Ai lettori italiani si presentò presto la possibilità di godere degli scritti dell’ebreo galiziano di lingua tedesca Joseph Roth (1894-1939). Negli anni Trenta vennero pubblicati in rapida sequenza alcuni tra i suoi titoli più importanti: Giobbe, La marcia di Radetzky, Tarabas, I cento giorni. È stato tuttavia l’editore Adelphi ad intraprendere la progressiva pubblicazione dell’opera rothiana. Ultimo nato, ora, questo Fragole (trad. di Rosella Carpinelli Guarneri, 2010, p. 178, € 14,00), che contiene due frammenti narrativi inediti, scritti negli anni 1928-1930.

Da ebreo dell’Europa orientale quale era, Roth si formò respirando l’aria di quel mondo talmudico e profetico nel quale si attingeva alla poesia dei Salmi, alle narrazioni bibliche e si condivideva il senso eterno del dolore e della promessa.

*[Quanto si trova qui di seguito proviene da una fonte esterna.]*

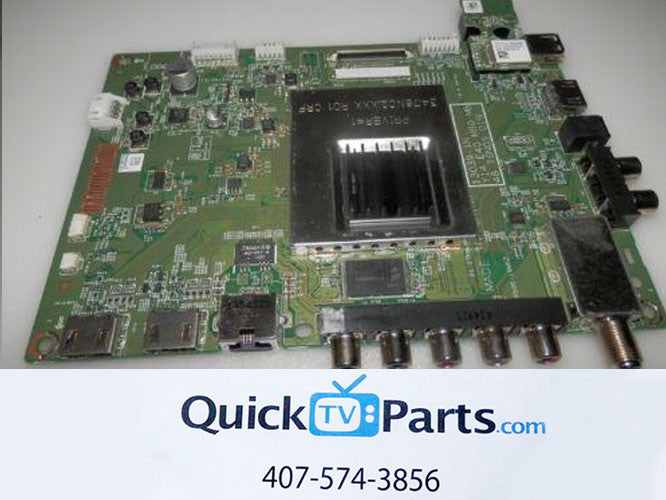 Vizio E480i-B2 55.76N01.B01 13039-1N Main Board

Dopo aver attraversato drammaticamente il finis austriae e la prima immensa distruzione bellica, negli anni Venti, in particolare tra il 1924 e il 1929, prestò grande attenzione ai temi sociali, alle lotte politiche, ai primi esiti della rivoluzione sovietica e non a caso proprio in quegli anni, oltre che di vari libri, fu autore di numerosi e grandi reportage (dall’URSS, da Albania e Jugoslavia, dalla Polonia e dall’Italia).

E proprio a quegli anni risalgono questi due frammenti e tuttavia in entrambi il contesto è quello tipico delle cittadine dell’Europa orientale della sua infanzia: in Perlefter. Storia di un borghese, dei millecinquecento abitanti mille sono commercianti ebrei, mentre in Fragole, su diecimila, tremila sono matti, “anche se innocui”. Come nel romanzo Hotel Savoy, pubblicato nel 1924, a Roth piace immaginare in entrambi gli inediti la paradossale edificazione di un grande albergo di lusso in quelle regioni, così sperdute, così lontane dalle grandi vie di traffico e dalle metropoli di allora. Mentre in Hotel Savoy l’apocalittico incendio finale dell’albergo ne rivela la natura simbolica di luogo dove persone di vari ceti e con varie qualità attendono l’approssimarsi di una disgrazia che li disperda, qui l’edificio realizzato dal grande avvocato Wolf Burdach, “alto, bianco, solitario sul mondo”, ricorda ai vecchi “arrabbiati” del paese l’immagine della Torre di Babele.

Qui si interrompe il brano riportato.